┌─ EXTRACTED MATERIAL

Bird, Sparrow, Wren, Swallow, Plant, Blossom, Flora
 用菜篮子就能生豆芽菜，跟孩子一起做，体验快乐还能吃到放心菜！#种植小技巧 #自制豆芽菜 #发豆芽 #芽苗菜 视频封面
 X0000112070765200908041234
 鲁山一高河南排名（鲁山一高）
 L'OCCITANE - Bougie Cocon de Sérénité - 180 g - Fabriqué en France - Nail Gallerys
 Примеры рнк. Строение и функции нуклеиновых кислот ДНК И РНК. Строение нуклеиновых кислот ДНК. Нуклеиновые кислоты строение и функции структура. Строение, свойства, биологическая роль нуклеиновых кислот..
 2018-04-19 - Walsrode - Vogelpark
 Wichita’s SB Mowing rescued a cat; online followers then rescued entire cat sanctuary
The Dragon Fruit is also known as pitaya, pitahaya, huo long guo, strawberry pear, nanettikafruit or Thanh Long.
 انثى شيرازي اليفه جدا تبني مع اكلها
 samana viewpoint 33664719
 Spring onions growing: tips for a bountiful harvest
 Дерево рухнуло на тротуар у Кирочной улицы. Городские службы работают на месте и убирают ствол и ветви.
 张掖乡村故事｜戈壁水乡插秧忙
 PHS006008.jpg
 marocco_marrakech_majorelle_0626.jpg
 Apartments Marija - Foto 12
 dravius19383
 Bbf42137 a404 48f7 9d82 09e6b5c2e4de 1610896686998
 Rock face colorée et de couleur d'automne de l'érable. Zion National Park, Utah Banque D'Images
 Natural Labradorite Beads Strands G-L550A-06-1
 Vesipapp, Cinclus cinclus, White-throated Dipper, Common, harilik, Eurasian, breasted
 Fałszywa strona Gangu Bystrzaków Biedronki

└─

* _EXERCISE OBJECTIVE_
Taking the line with "X0000112070765200908041234" as the first and the line with "2018-04-19 - Walsrode - Vogelpark" as the last, retype that stretch of the data above exactly, with no other lines.

* _SOLVED EXERCISE_
 X0000112070765200908041234
 鲁山一高河南排名（鲁山一高）
 L'OCCITANE - Bougie Cocon de Sérénité - 180 g - Fabriqué en France - Nail Gallerys
 Примеры рнк. Строение и функции нуклеиновых кислот ДНК И РНК. Строение нуклеиновых кислот ДНК. Нуклеиновые кислоты строение и функции структура. Строение, свойства, биологическая роль нуклеиновых кислот..
 2018-04-19 - Walsrode - Vogelpark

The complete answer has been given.